Il primo maggio 1974 si era spenta serenamente la sua sposa, Mya, che egli ha continuato a ricordare con gratitudine come l’amata compagna della sua vita, che aveva condiviso con lui le ore più tristi – le difficoltà e i pesi dell’isolamento, della persecuzione politica – e quelle serene, trascorse nella gioia degli affetti familiari. Dopo averla assistita fino alla fine, confortandola nella sofferenza col suo amore e con la sua fede, d’accordo con i propri familiari decise di trasferirsi a Rocca di Papa e venne ad abitare al Centro Mariapoli. Si realizzò così, negli ultimi anni, una delle sue aspirazioni più grandi: vivere da consacrato a Dio, nel focolare. Cos’è stato questo tempo, per lui?
Un’esperienza di pace mai provata, così ci diceva, quasi una percezione nuova dell’eterno che gli si rifletteva nell’anima. Questa esperienza però non lo chiuse in una meditazione solitaria, ma lo aprì a una vita più intensa, a un’attività così dinamica di rapporti. Predicava con la vita quella “Divina avventura” che aveva scritto e trascinava con sé, a Dio, una schiera di persone d’ogni età.
Al Centro Mariapoli. si perdeva fra la gente, come uno qualunque. Negli intervalli delle riunioni, le panchine del parco dove lui sedeva a riposare diventavano cattedre. E’ ancora vivo in noi il ricordo di quei gruppi che si affollavano attorno a lui sui prati: erano focolarini, volontari, gen, coniugati e sacerdoti, religiosi e suore, che gli ponevano domande e chiedevano consigli.
Sapeva amare tutti in modo eguale, perché amava in tutti Gesù. Lasciava sulla scrivania una lettera appena scritta a un’illustre personalità e, con lo stesso impegno, lo vedevamo trattenersi, anche per ore, con una parrocchiana che, venendo a un incontro per la prima volta, lo aveva fermato per chiedergli spiegazioni sulla spiritualità.
Uno in mezzo agli altri, un membro qualunque di questo Movimento, un semplice – lui diceva «l’ultimo» – discepolo di Chiara Lubich. Così lo ricordiamo e lo ricorderemo sempre: come “primo” discepolo di quell’ideale a cui tutto ha dato e nel quale ha saputo perdersi, fino a diventarne una bandiera per le generazioni presenti e per quelle che verranno.

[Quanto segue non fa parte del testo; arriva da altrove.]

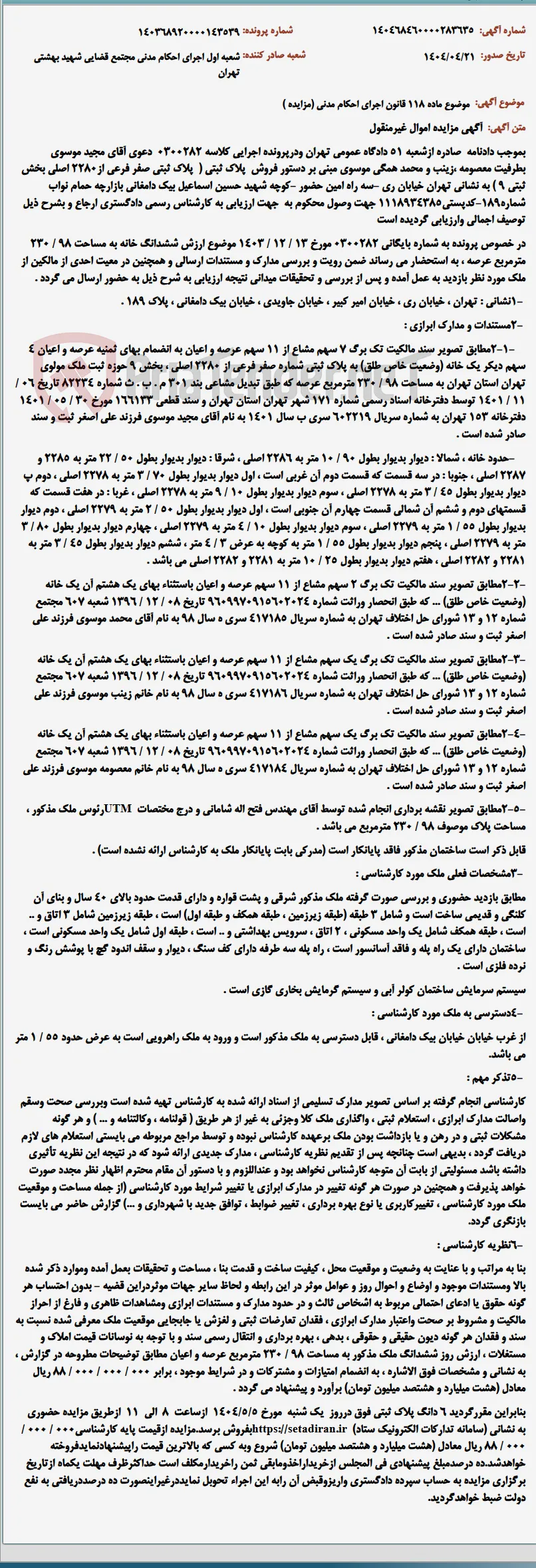 موضوع ماده 118 قانون اجرای احکام مدنی (مزایده )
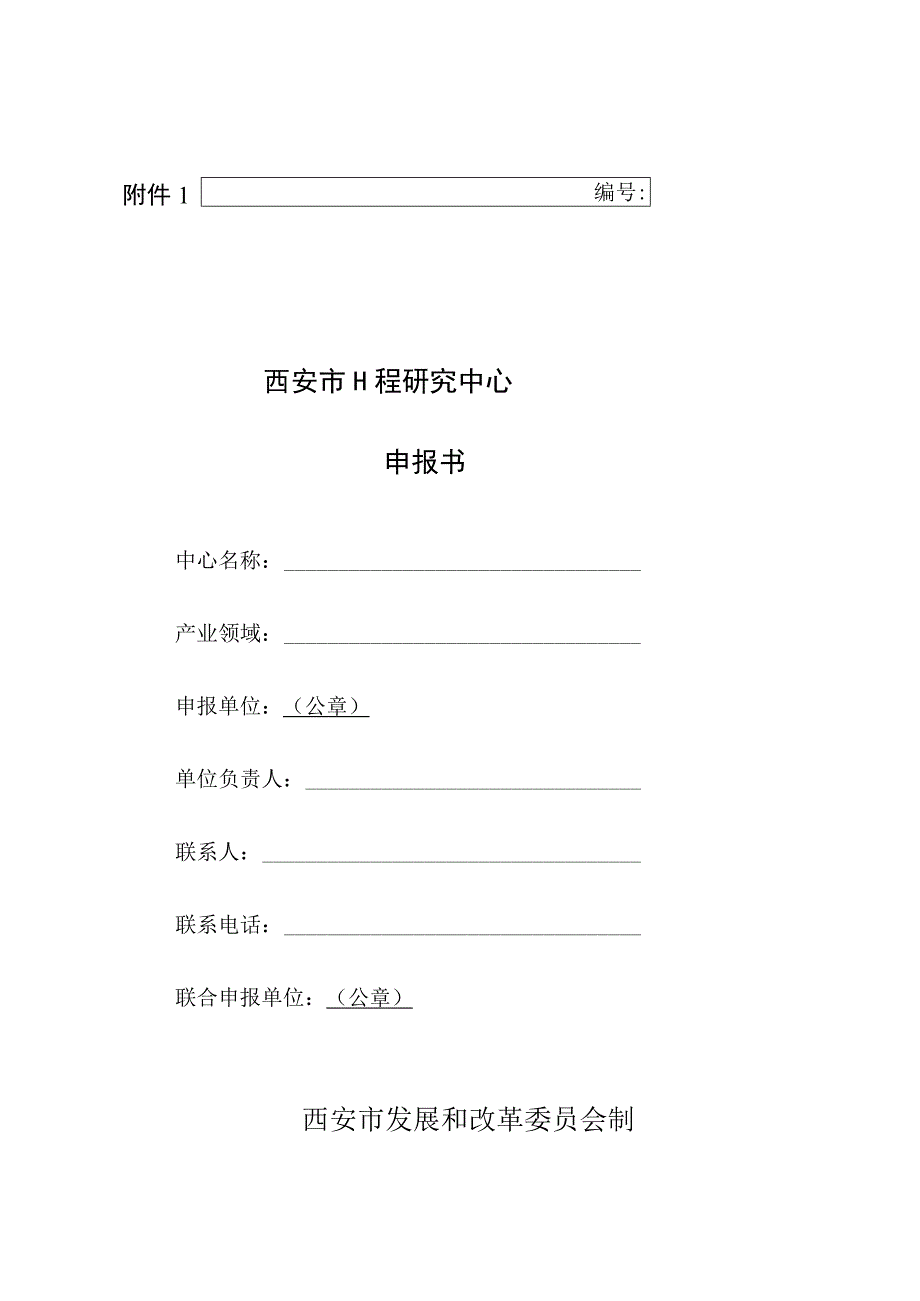 西安市工程研究中心申报书.docx_第1页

Klaus Hemmerle: il paradiso negli occhi di un politico
Se qualcuno mi chiedesse cos’è la verginità, credo che dovrei parlare di Giordani, di uno sposato. Di come egli comprese e venerò la verginità, la donazione a Dio solo, la vita in Dio solo.
Se uno mi chiedesse di mostrargli il paradiso, credo che gli dovrei dire: «L’ho visto negli occhi e nel cuore di Giordani». Sì, negli occhi e nel cuore di un politico. Viveva in cielo e così aveva le mani libere per la terra. La sua espressione: «Il Padre in cielo e il pane per gli uomini» è il motto di una politica «integrale» – l’uomo ha bisogno delle altezze per potersi occupare del contingente -; però è anche il motto di un cielo «integrale» che comprende l’uomo, tutta la sua vita.
Indimenticabile il mio ultimo incontro con Foco, un paio di settimane prima della sua morte. Mi disse: «Qui è già cielo». Una immensa gioia e una pace che conquistava, trasparivano dal suo volto sofferente.
Se qualcuno mi chiedesse cosa sia la gioventù, gli dovrei parlare del vecchio ottantaseienne Giordani. La pazienza dei millenni, le dolorose esperienze della nostra tormentata epoca, tutto ciò viveva in lui; però anche una speranza, una semplicità, un andare avanti senza esitazioni, senza timore.
E mai lo dimenticherò mentre, in mezzo a venti o trenta vescovi da tutto il mondo, con la ricchezza della sua saggezza e giovanilità, incoraggiava questi pastori ad affrontare il futuro della Chiesa, in unità col Papa e tra di loro.